# calendula oil/petals



## awi (Nov 2, 2009)

I have a soap recipe that calls for olive oil that has been infused with calendula petals.  Is there a calendula oil that could be used instead of infusing the petals?  Also, is this just marigold petals....like the kind of marigolds you plant in your garden?  Could I just harvest the dried petals and use these instead of buying them?  Is it the same thing?


----------



## tamarajane (Nov 2, 2009)

Calendula is different from regular marigolds.  Let me find pic.


----------



## pixybratt (Nov 2, 2009)

awi said:
			
		

> I have a soap recipe that calls for olive oil that has been infused with calendula petals.  Is there a calendula oil that could be used instead of infusing the petals?  Also, is this just marigold petals....like the kind of marigolds you plant in your garden?  Could I just harvest the dried petals and use these instead of buying them?  Is it the same thing?
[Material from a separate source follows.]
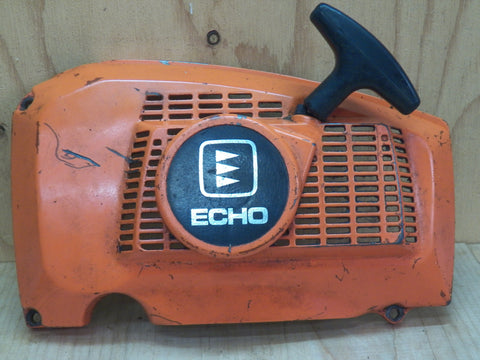 Echo 440-evl Chainsaw Starter Assembly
You can get the oil at your local natural foods or health food store, If you don't want to infuse yourself.


----------



## tamarajane (Nov 2, 2009)

Sorry, computer acting screwy :roll:


----------



## carebear (Nov 2, 2009)

I believe New Directions Aromatics has calendula oil (they infuse it for you).  I have some too - I've been infusing some for AGES in olive I think.  I should probably go out to the garage and get it - I think it's been a year LOL.


----------



## awi (Nov 2, 2009)

Thanks everyone!  I am going to check out just getting the oil.  Any suggestions as to how much to add?


----------